Unions of Countable Collections of Lebesgue Measurable Sets

# The Union of a Countable Collection of Lebesgue Measurable Sets is Lebesgue Measurable

Recall from The Union of a Finite Collection of Lebesgue Measurable Sets is Lebesgue Measurable that the union of a finite collection of Lebesgue measurable sets is also Lebesgue measurable.

We will now establish a stronger result in that the union of a countable collection of Lebesgue measurable sets is also Lebesgue measurable.

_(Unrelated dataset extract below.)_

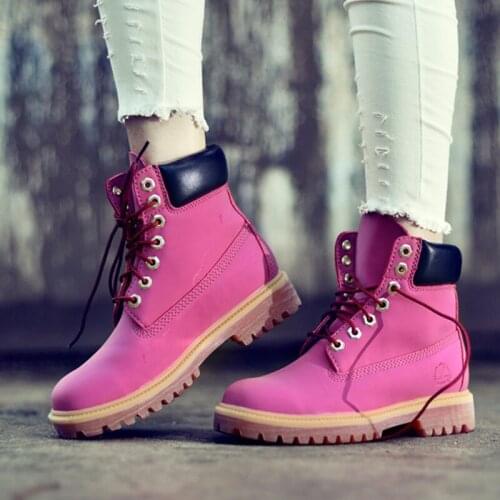 Motorcycle Leather Boots Male/Female Riding Racing Motocross Motobotinki Martin Tooling Boot Vintage Motorbike Shoes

 Theorem 1: The union of a countable collection of Lebesgue measurable sets is Lebesgue measurable.
• Proof: Let $(E_n)_{n=1}^{\infty}$ be any sequence of Lebesgue measurable sets and let $\displaystyle{E = \bigcup_{n=1}^{\infty} E_n}$. We want to show that $E$ is also a Lebesgue measurable set.
• We have already established that the collection of all Lebesgue measurable sets is a $\sigma$-algebra. From one of the properties on the Properties of Algebras of Sets 2 we have that there exists a sequence $(E_n')_{n=1}^{\infty}$ of Lebesgue measurable sets that are mutually disjoint and such that $\displaystyle{\bigcup_{n=1}^{\infty} E_n = \bigcup_{n=1}^{\infty} E_n'}$. So without loss of generality we can assume that $(E_n)_{n=1}^{\infty}$ itself is a sequence of mutually disjoint Lebesgue measurable sets.
• Let $A \in \mathcal P (\mathbb{R})$. Since the union of a finite collection of Lebesgue measurable sets is Lebesgue measurable we have that for each $n \in \mathbb{N}$:
(1)
\begin{align} \quad m^* (A) = \underbrace{m^* \left ( A \cap \left [ \bigcup_{k=1}^{n} E_k \right ] \right )}_{(**)} + \underbrace{m^* \left ( A \cap \left [ \bigcup_{k=1}^{n} E_k \right ]^c \right )}_{(*)} \end{align}
• For the term $(*)$, note that $\displaystyle{\bigcup_{k=1}^{n} E_k \subset \bigcup_{k=1}^{\infty} E_k = E }$. Therefore $\displaystyle{\left ( \bigcup_{k=1}^{n} E_k \right )^c \supset \left ( \bigcup_{k=1}^{\infty} E_k \right )^c = E^c}$. So $\displaystyle{A \cap \left ( \bigcup_{k=1}^{n} E_k \right )^c \supset A \cap E^c}$ and:
(2)
\begin{align} \quad m^*\left (A \cap \left [ \bigcup_{k=1}^{n} E_k \right ]^c \right ) \geq m^* (A \cap E^c) \end{align}
(3)
\begin{align} \quad m^* \left ( A \cap \left [ \bigcup_{k=1}^{n} E_k \right ] \right ) = \sum_{k=1}^{n} m^* (A \cap E_k) \end{align}
• Hence for each $n \in \mathbb{N}$ we have that:
(4)
\begin{align} \quad m^*(A) \geq \sum_{k=1}^{n} m^* (A \cap E_k) + m^* (A \cap E^c) \end{align}
• We take the limit as $n \to \infty$ of both sides above and use the countable subadditivity of the Lebesgue outer measure to get:
(5)
\begin{align} \quad m^*(A) \geq \sum_{k=1}^{\infty} m^* (A \cap E_k) + m^* (A \cap E^c) & \geq m^* \left ( \bigcup_{n=1}^{\infty} (A \cap E_n) \right ) + m^* (A \cap E^c) \\ & \geq m^* \left ( A \cap \left [ \bigcup_{n=1}^{\infty} E_n \right ] \right ) + m^* (A \cap E^c) \\ & \geq m^* (A \cap E) + m^*(A \cap E^c) \\ \end{align}
• Therefore $E$ is Lebesgue measurable. $\blacksquare$
 Corollary 2: The collection $\mathcal M$ of Lebesgue measurable sets is a $\sigma$-algebra.
• Proof: From above, $\mathcal M$ is closed under countable unions and we have already proven that if $E \in \mathcal M$ then $E^c \in \mathcal M$. So $\mathcal M$ is a $\sigma$-algebra. $\blacksquare$